* [Exercise details]: Extract the whole listing as it stands. Do not include the pictures.

* [Dataset content]:
########################################

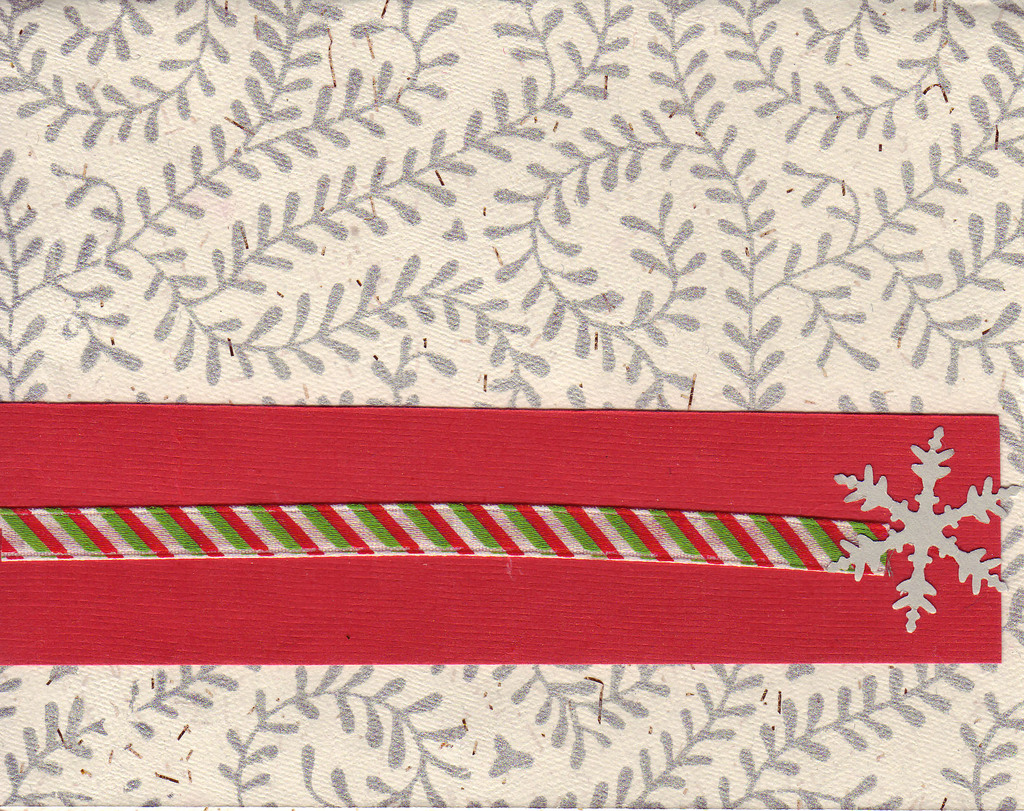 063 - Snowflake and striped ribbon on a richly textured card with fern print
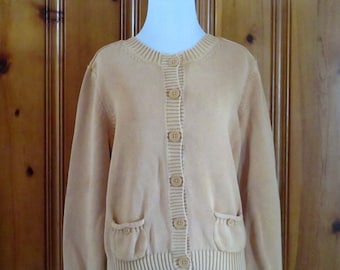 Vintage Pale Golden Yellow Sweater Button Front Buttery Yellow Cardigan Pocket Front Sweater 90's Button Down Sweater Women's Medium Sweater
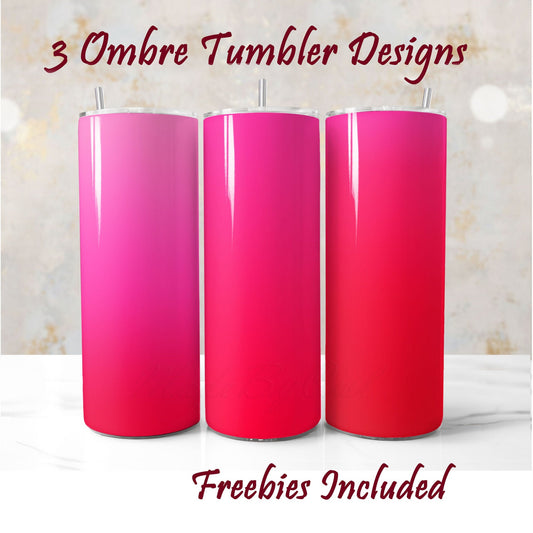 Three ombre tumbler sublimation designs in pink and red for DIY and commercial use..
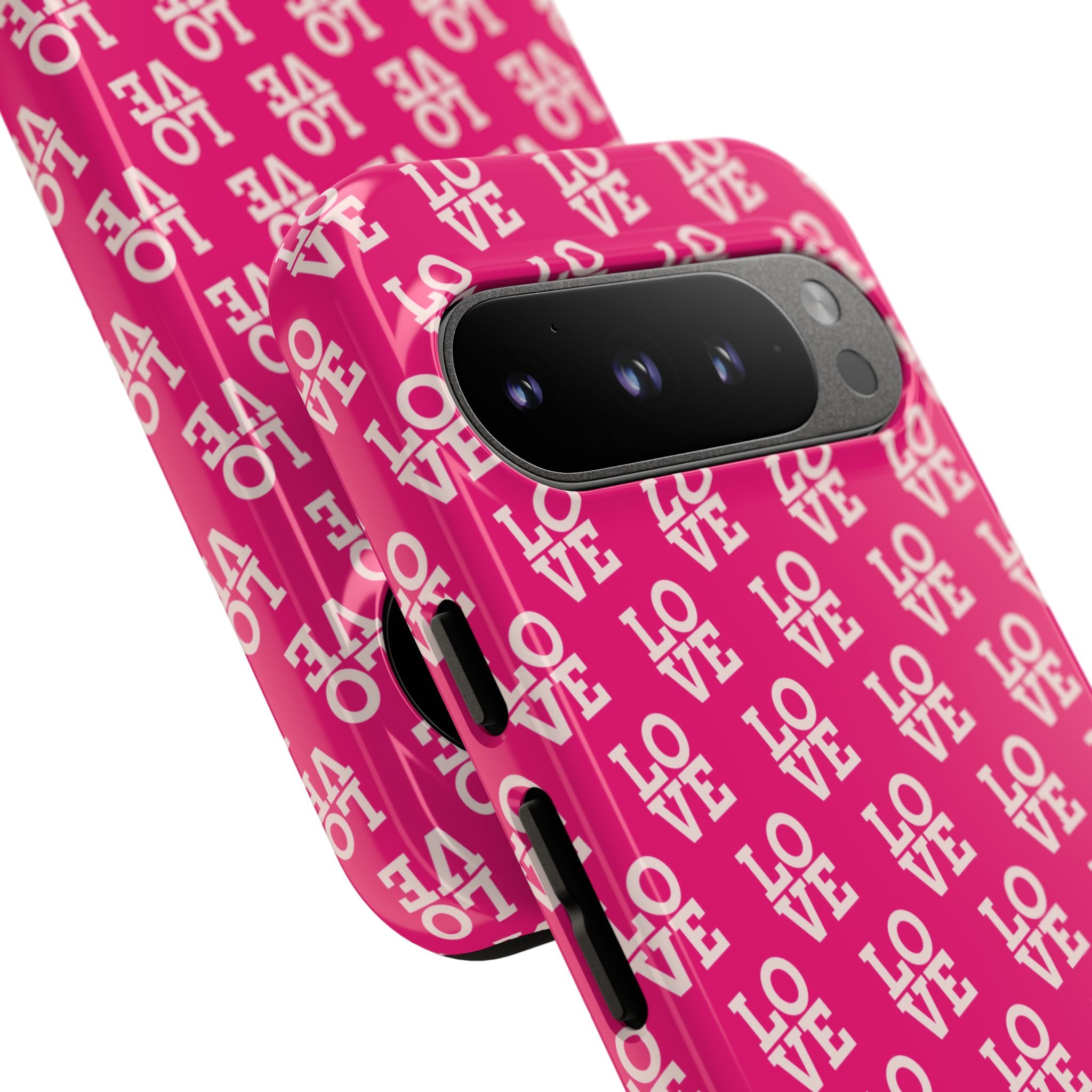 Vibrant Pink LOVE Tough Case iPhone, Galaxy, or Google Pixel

########################################

* [Answer to the problem]:
 063 - Snowflake and striped ribbon on a richly textured card with fern print
 Vintage Pale Golden Yellow Sweater Button Front Buttery Yellow Cardigan Pocket Front Sweater 90's Button Down Sweater Women's Medium Sweater
 Three ombre tumbler sublimation designs in pink and red for DIY and commercial use..
 Vibrant Pink LOVE Tough Case iPhone, Galaxy, or Google Pixel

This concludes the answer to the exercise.